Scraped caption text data
- - - - - - -

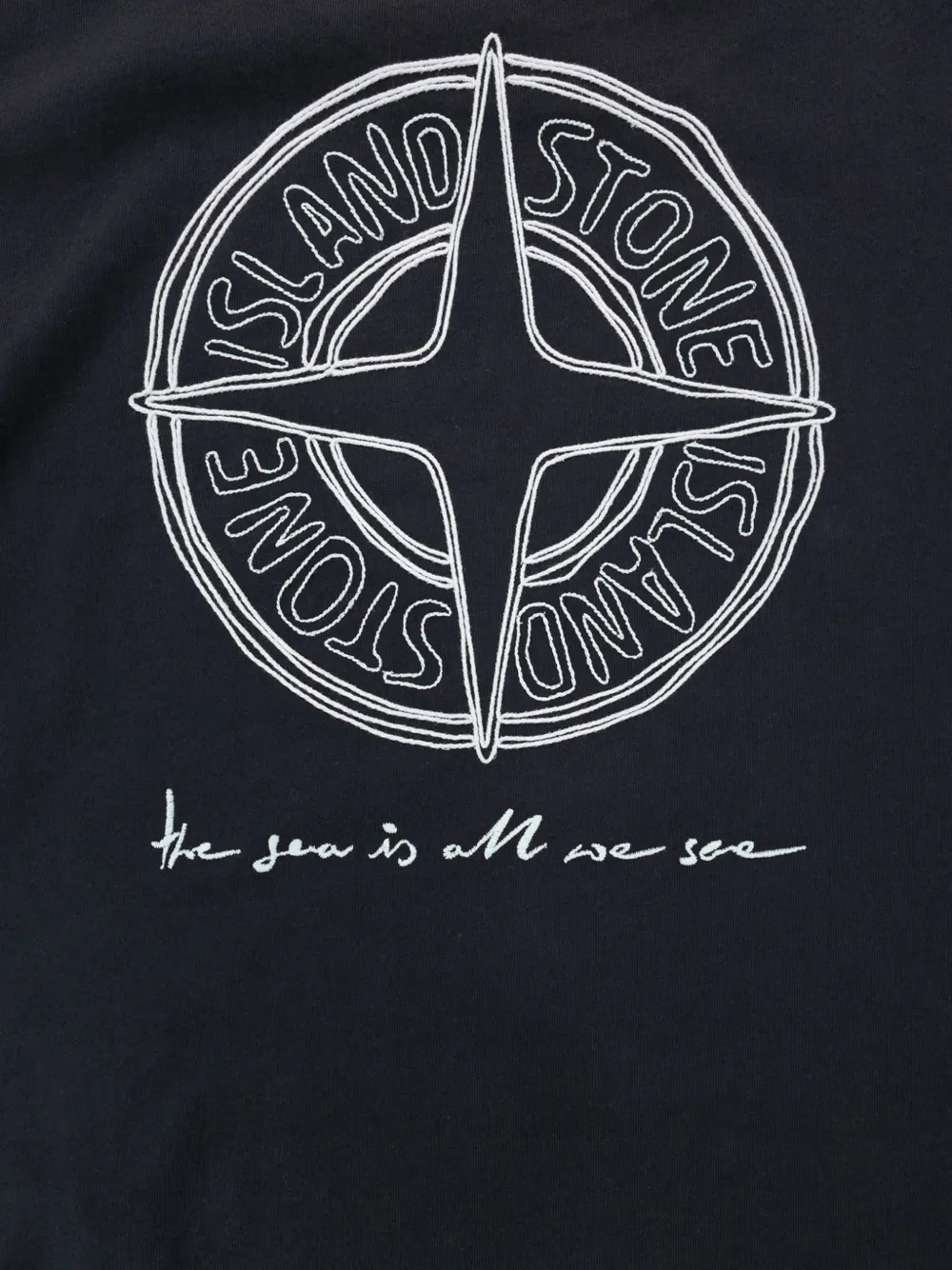 Stone Island Junior T-shirt met print Blauw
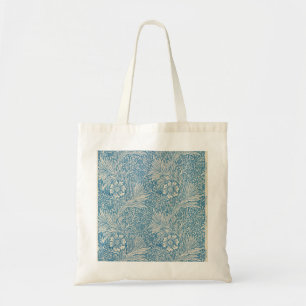 Tote Bag Blue Marigolds (par William Morris)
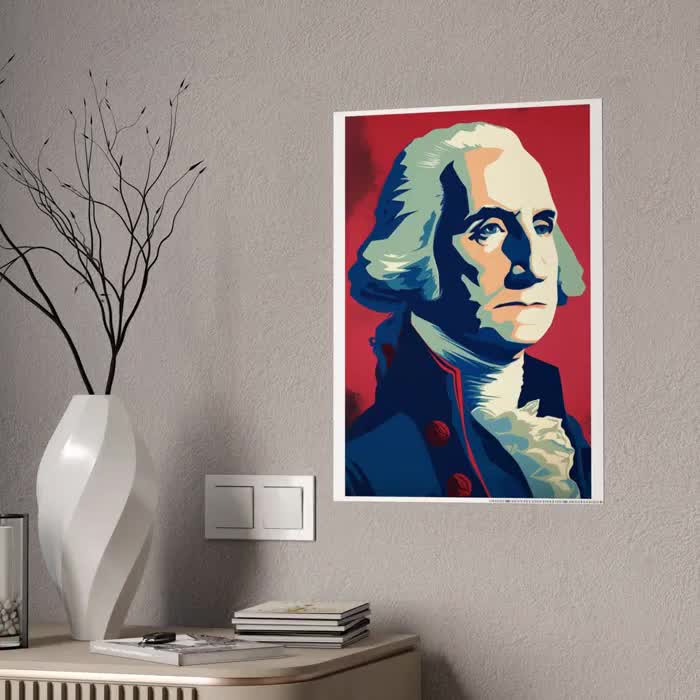 じゅえるページ ワシントンプリント | ヴィンテージキャンペーンアート、壁装飾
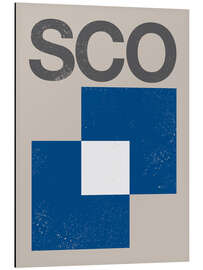 Magnettafel Schottland Retroflagge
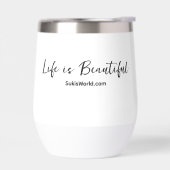 人生は美しい | 会社名ブログブランド (左面)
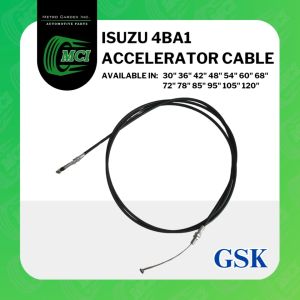 ACCELERATOR CABLE GSK Isuzu 4BA1: Various Lengths & Replacement Guide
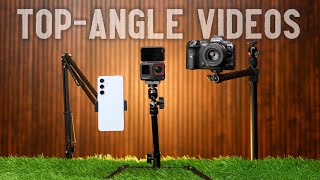 Best Overhead Camera Setup for Smartphone and DSLR Videos [upl. by Paula]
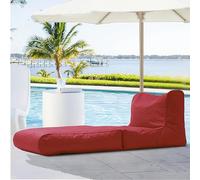 SXBCyan Housse De Pouf D'extérieur À Double Usage for Piscine, Chaise Longue, Canapé-lit Pliant, Imperméable, Oxford, sans Remplissage, for Jardin, Plage, Camping(Red)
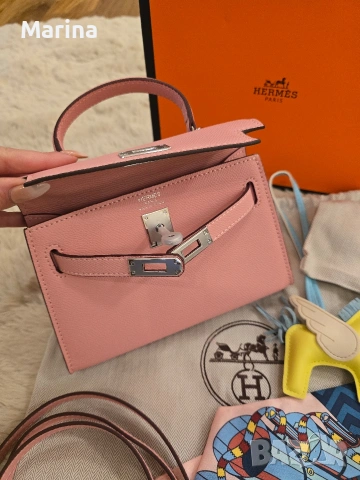 Налична чанта Hermes Mini Kelly, снимка 4 - Чанти - 53322258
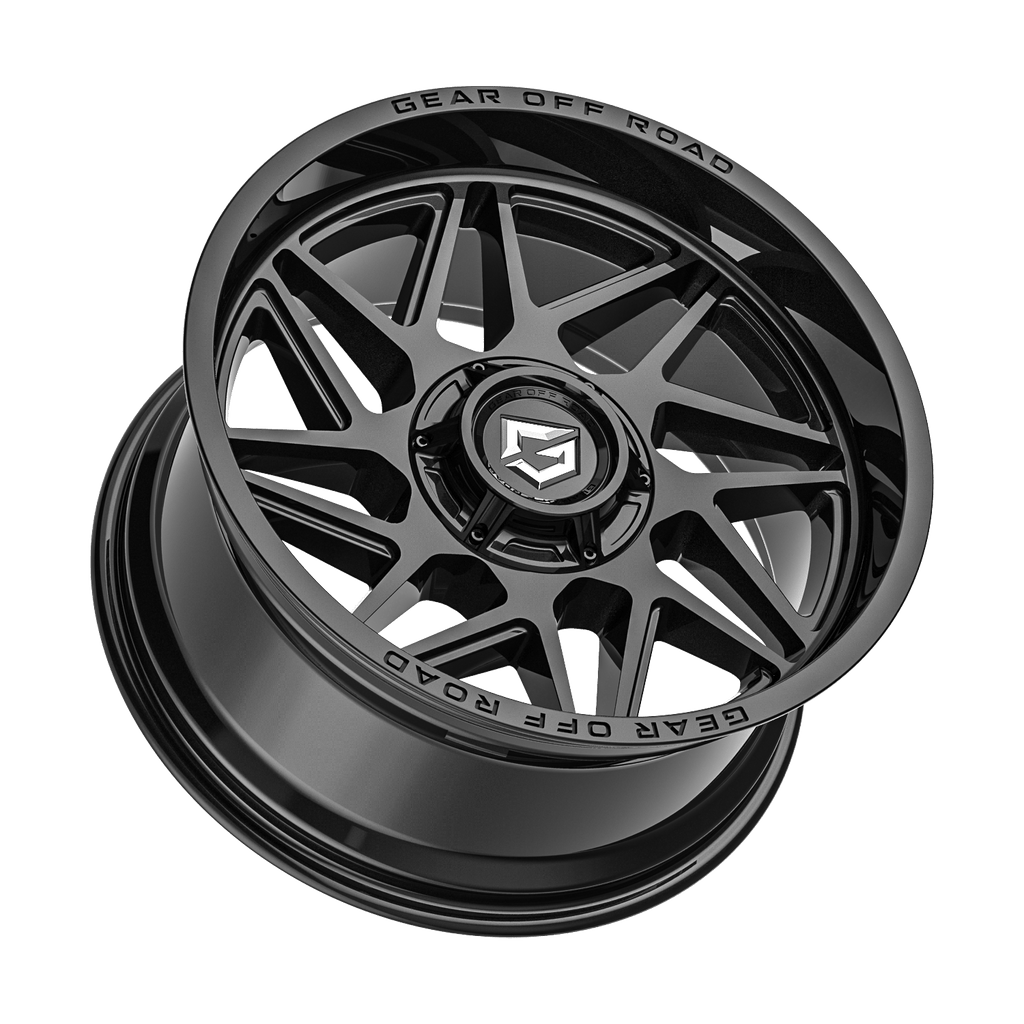 22X10 GEAR 761B RATIO OFF-ROAD WHEELS - 8X170 WITH  -19 OFFSET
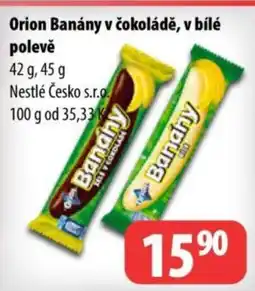Partner Maloobchodní síť Orion Banány v čokoládě, v bílé polevě nabídka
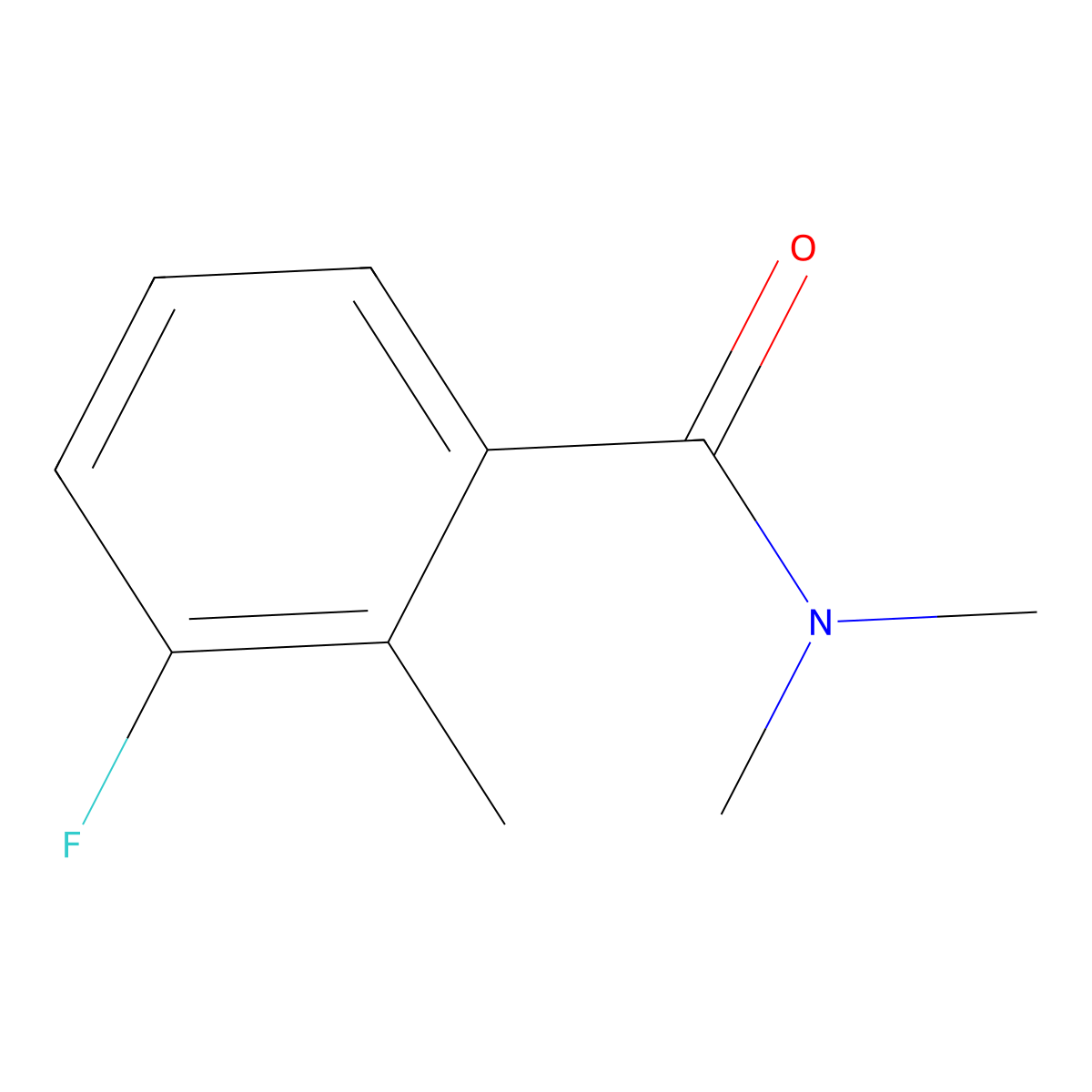 3-fluoro-N,N,2-trimethylbenzamide molecular structure, CAS 1369917-99-6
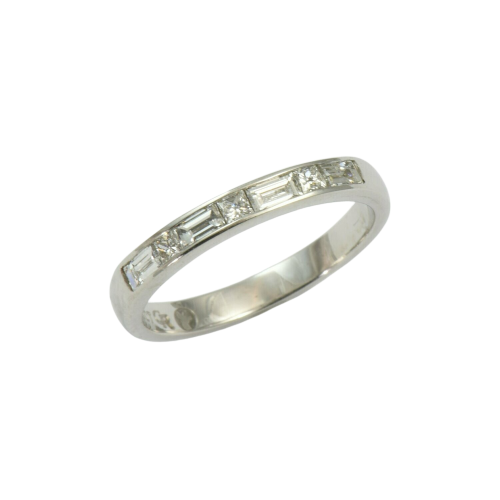Handmade Contemporary 18ct. White gold diamond set ring.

- - - - - - -

Requirement: Print each record exactly as it stands, omitting the pictures.

Final answer:
 Stone Island Junior T-shirt met print Blauw
 Tote Bag Blue Marigolds (par William Morris)
 じゅえるページ ワシントンプリント | ヴィンテージキャンペーンアート、壁装飾
 Magnettafel Schottland Retroflagge
 人生は美しい | 会社名ブログブランド (左面)
 ACCELERATOR CABLE GSK Isuzu 4BA1: Various Lengths & Replacement Guide
 Best Overhead Camera Setup for Smartphone and DSLR Videos [upl. by Paula]
 SXBCyan Housse De Pouf D'extérieur À Double Usage for Piscine, Chaise Longue, Canapé-lit Pliant, Imperméable, Oxford, sans Remplissage, for Jardin, Plage, Camping(Red)
 Налична чанта Hermes Mini Kelly, снимка 4 - Чанти - 53322258
 22X10 GEAR 761B RATIO OFF-ROAD WHEELS - 8X170 WITH  -19 OFFSET
Partner Maloobchodní síť Orion Banány v čokoládě, v bílé polevě nabídka
 3-fluoro-N,N,2-trimethylbenzamide molecular structure, CAS 1369917-99-6
Handmade Contemporary 18ct. White gold diamond set ring.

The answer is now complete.